Arguably the funniest moment of 2009’s undead comedy “Zombieland” comes when the intrepid gang of survivors Columbus (Jesse Eisenberg), Wichita (Emma Stone), Tallahassee (Woody Harrelson) and Little Rock (Abigail Breslin) discover comedy legend Bill Murray found a foolproof way to survive the zombie apocalypse: disguising himself as one of the walking dead.
“He was the highlight of the first movie,” said Paul Wernick, who, with Rhett Reese, co-wrote the script of both the original and its sequel.
But Murray’s attempt at pranking Columbus backfires and he is accidentally killed, limiting his cameo potential for the sequel.
“There is no world of ‘Zombieland’ without Bill Murray,” Wernick said. “So we thought, how do you top a Bill Murray cameo in the first movie? You put him in the second one.”
In theaters now, “Zombieland: Double Tap” features a post-credits Murray cameo that is meant to predate the events of both films: The comedian is seen sardonically promoting the fictional “Garfield 3: Flabby Tabby” at a press junket when the zombie apocalypse breaks out.
“We hint at it early on when they’re at the Hound Dog Hotel and Nevada mentions to Columbus how Bill Murray died,” Wernick said. “We thought, ‘How fun would it be to call back the line from the first movie where Little Rock asks him what his greatest regret is and he says, ‘ “Garfield?” ’ “
“People always ask us whether we write these jokes where actors make fun of their previous projects like Ryan Reynolds does with ‘Green Lantern’ and Bill Murray did with ‘Garfield,’ ” Reese, who also co-wrote both “Deadpool” films with Wernick, added. “The answer is we would never have the guts to do that.
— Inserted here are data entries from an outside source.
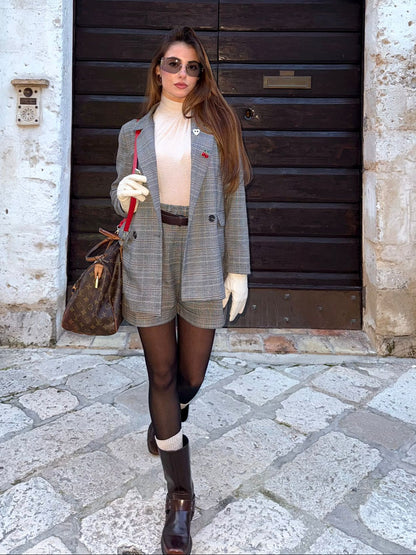 Pantaloncino a quadri con cintura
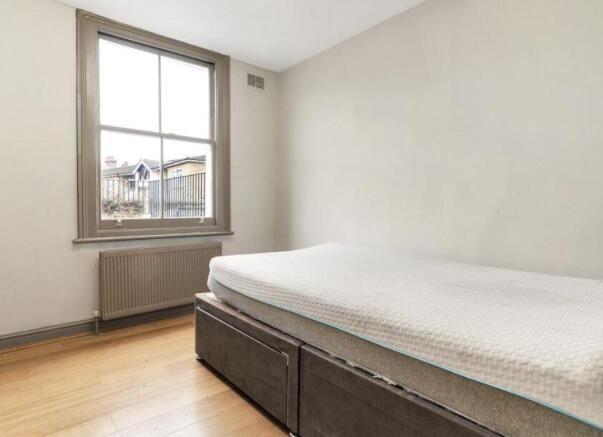 Bedroom.JPG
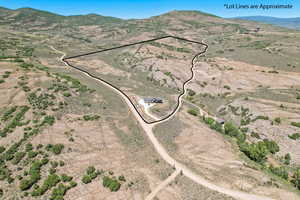 Bird's eye view with a mountain view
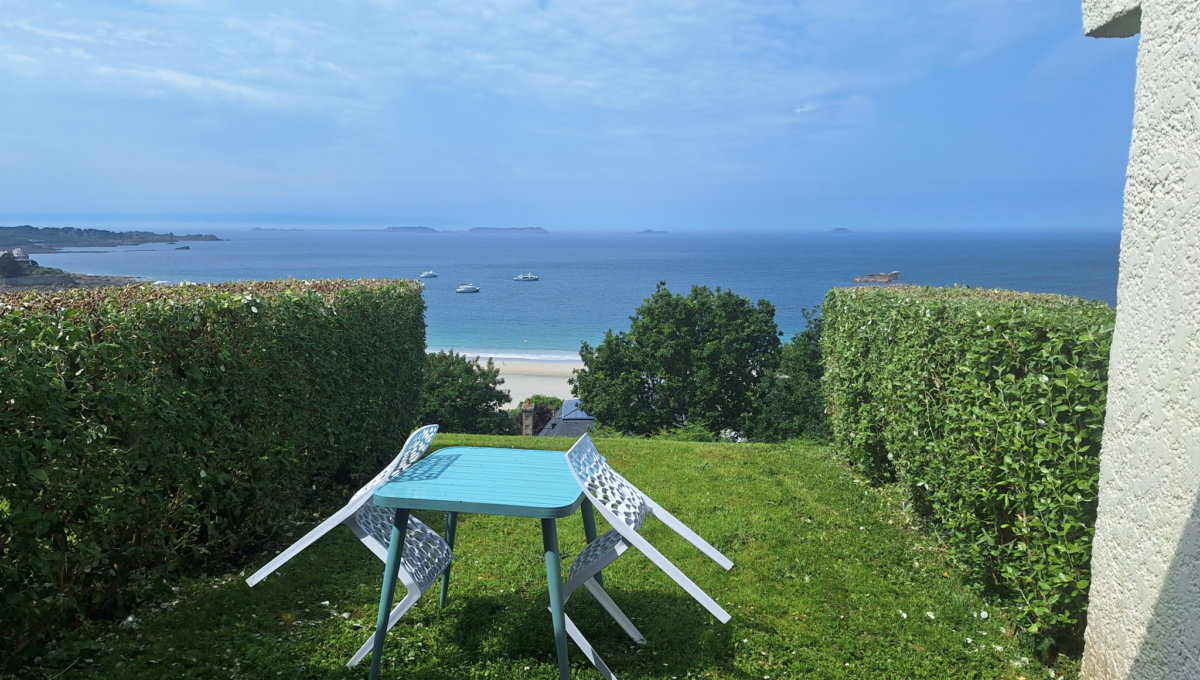 STUDIO PERROS-GUIREC CENTRE VILLE ET MER Studio Vente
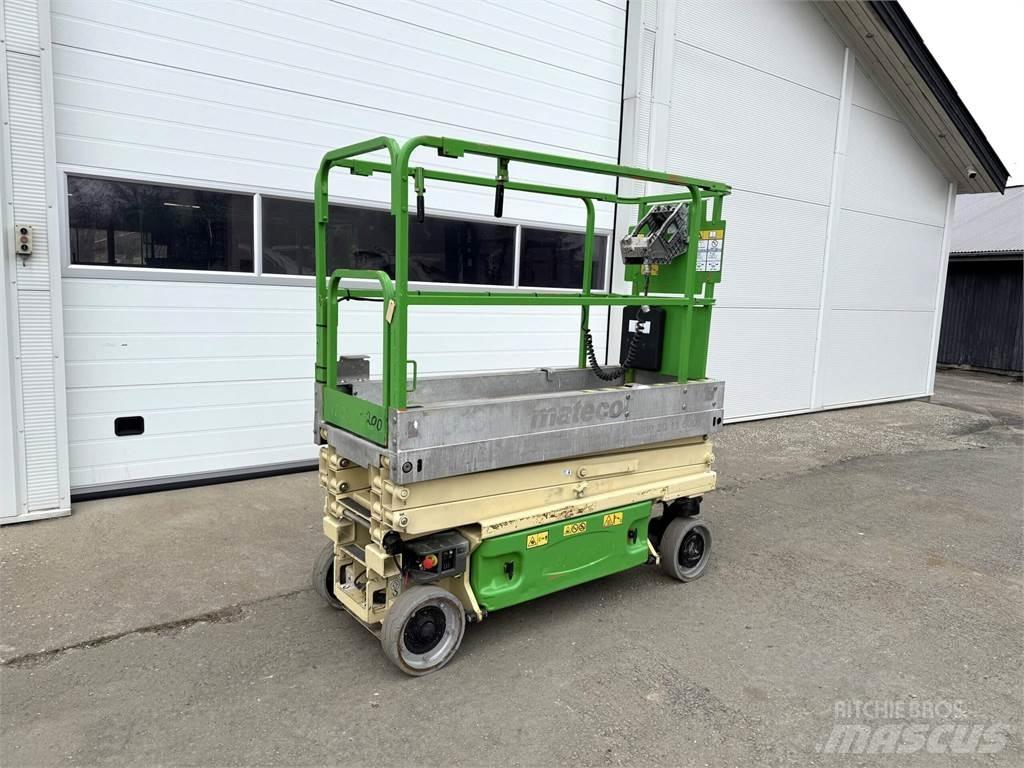 JLG 1930es Piattaforme cingolate, Piattaforme a ragno e Montacarichi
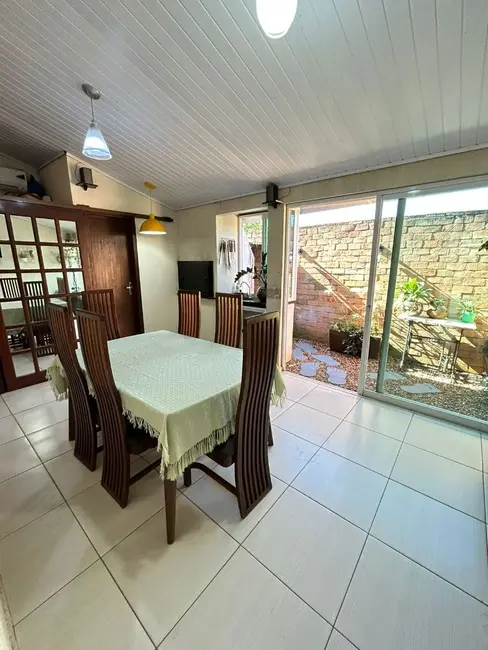 Foto 4 de Sobrado com 3 quartos à venda, 96m2 em Pioneiros Catarinenses, Cascavel - PR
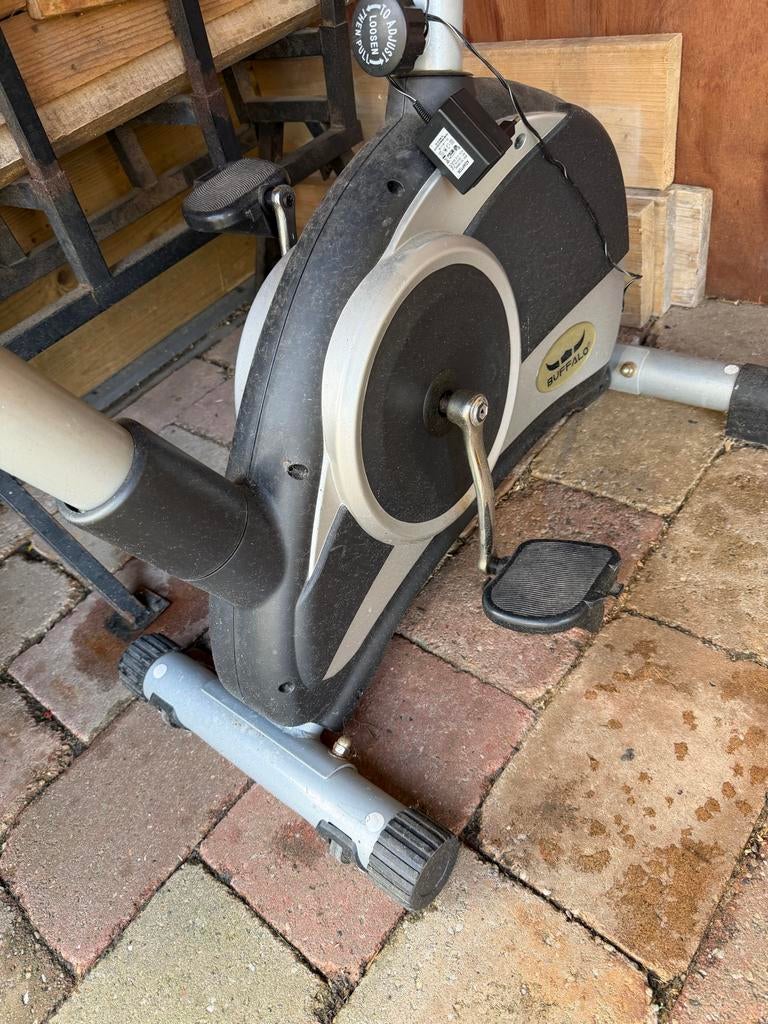 Hometrainer Buffalo - In goede staat, Sport en Fitness, Ophalen, Gebruikt, Metaal, Benen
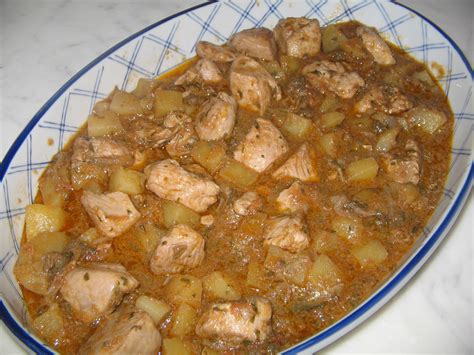 Il pollo è arricchito con patate e carote, sfumato con il vino bianco e, per ottenere un intingolo saporito, viene aggiunto concentrato di. Non solo Cucine Isolane: Pollo in umido o alla pizzaiola
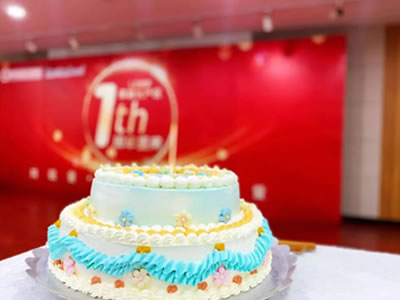 臥龍婦幼家化產(chǎn)區(qū)一周歲了，一起說(shuō)聲：“生日快樂”！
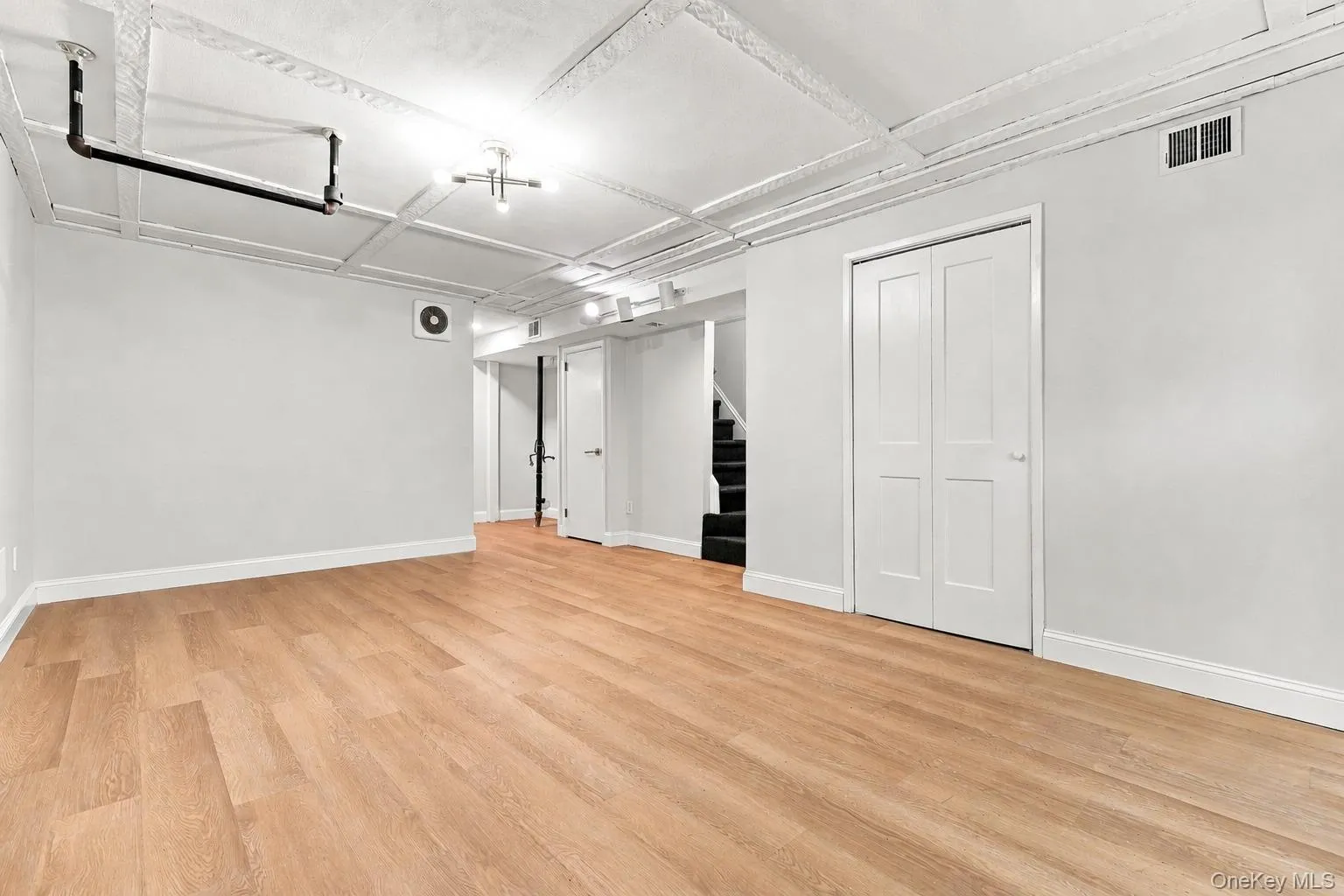 38 Heritage Drive, Clarkstown, NY, 3 Bedrooms Bedrooms, 7 Rooms Rooms,3 BathroomsBathrooms,Residential,For Rent,Heritage,0,1041113 38 Heritage Drive, Clarkstown, NY, 3 Bedrooms Bedrooms, 7 Rooms Rooms,3 BathroomsBathrooms,Residential,For Rent,Heritage,0,1041113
Those jokes come from the actors themselves and then we just riff off that.”
Though his cameo would become one of the most beloved scenes of the first “Zombieland,” Murray’s role had originally been written for Patrick Swayze. After the “Dirty Dancing” star had to drop out due to illness, the writers got to work reshaping the role to fit a new actor.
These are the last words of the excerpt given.